The gripper we made uses pneumatic technology and fits the inside of the Tetra Pak sleeves. We added a special air cylinder that makes the gripper bigger when needed. This way, it can safely hold the sleeve when it’s picked up without dropping it.

But here’s the cool part: our gripper also has a ‘V-shape’ thing that uses friction to help. Since we can’t just use the gripper to push the sleeve all the way onto the mandrel, the ‘V-shape’ helps move the sleeve until it’s fully on. It does this by creating some friction against the sleeve. This way, the robot arm can make sure the sleeve goes on exactly right and is safe.

Docking Station

Designated Area Marked with Black Tape as a Docking Station

Our “docking station” is not a conventional physical structure, rather, it is a square-shaped area that we’ve delineated by affixing black tape onto the ground. This designated area serves as a strategic point accessible to both the camera and the robot arm.
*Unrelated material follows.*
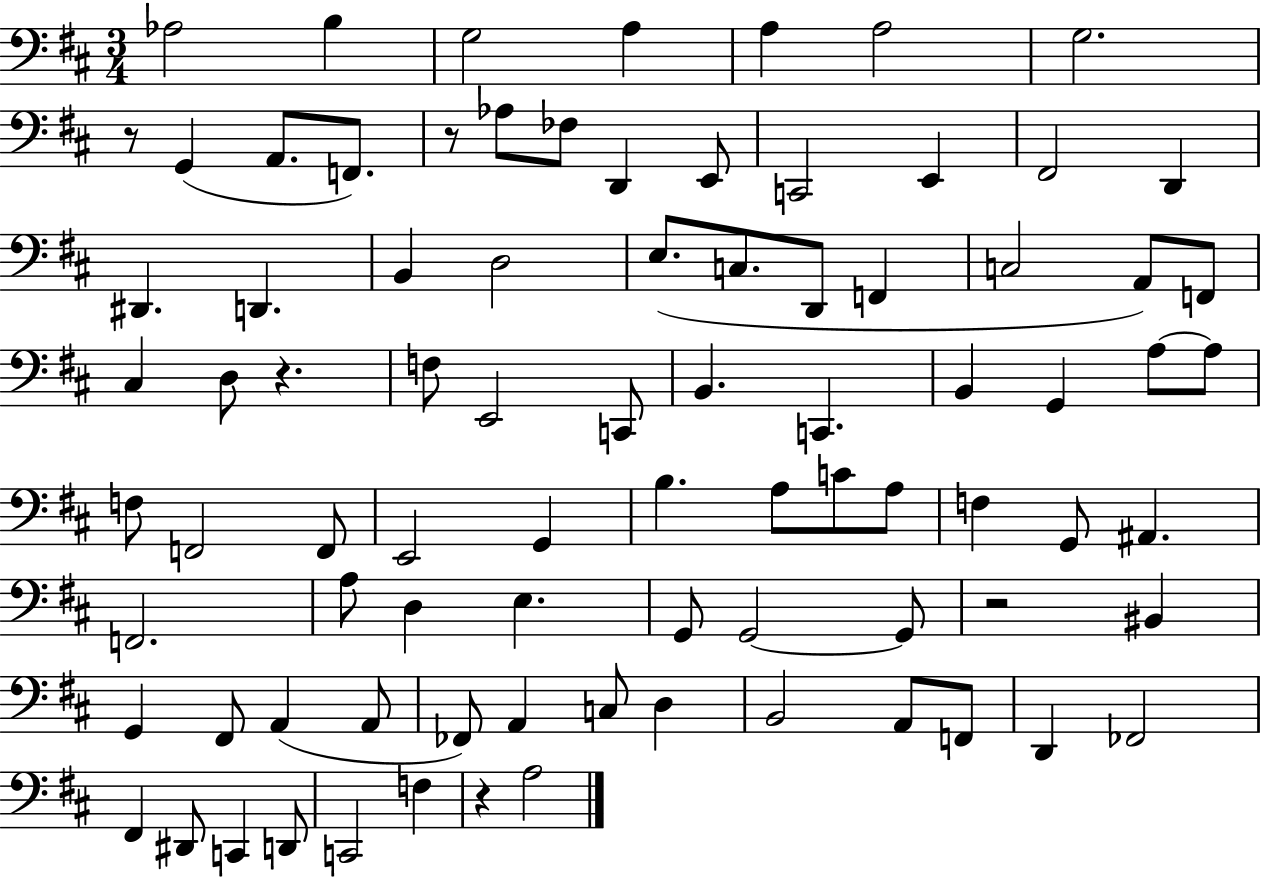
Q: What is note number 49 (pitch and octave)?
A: A3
When the cart, filled with sleeves, is positioned within the area of the docking station, it ensures that the robot arm can effectively reach the sleeves based on the positional data relayed by the camera. This arrangement allows the robot to make necessary adjustments in its approach for picking up the sleeves, considering their specific locations on the cart.

Machine Vision and Laser Sensor

Calibrating Sleeves with ChArUco Board and Baumer Laser Sensor for Slot Detection


Our project’s main goal is to improve the process of mounting sleeves onto the mandrel with the help of a robot. To make the robot understand where to pick and place the sleeves, we’ve added a camera and a laser sensor to the mix.

For effective machine vision, we go through some important steps. First, we address any camera lens distortion in a process called intrinsic camera calibration. Instead of using a traditional chessboard pattern, we use a more advanced ChArUco board, which is like a modified chessboard with extra markers. It’s great because it doesn’t need all the board’s corners to be visible in the camera’s view. The camera’s software can figure out where the non-visible corners are. After the camera is ready, we move on to extrinsic camera calibration. This part involves mapping pixel coordinates that the camera sees to real-world points, so the robot knows where things are in the real world. We pick four points on the ground, and we use a pole to help us find the exact spots at the top of the sleeves.

Once the camera is all set up, we start detecting sleeves. We look for the round tops of the sleeves using a method called blob detection.

After picking the sleeve with the help of the camera, the robot will then lift the sleeve over the laser sensor. As the laser sensor trying to detect the slot, the robot arm will help by rotating the sleeve until the sensor finds the slot. 

Project Result

As the project concludes, the Tetra Pak Sleeve Handling Robot proficiently performs the task of mounting sleeves onto the mandrel. It achieves this with the aid of coordinated systems. The vision system guides the robot by supplying sleeve coordinates, while the sensor efficiently finds slots on the sleeves. Furthermore, the camera’s vision aids the robot in making informed decisions about how-to pick-up sleeves from the cart, considering their individual position.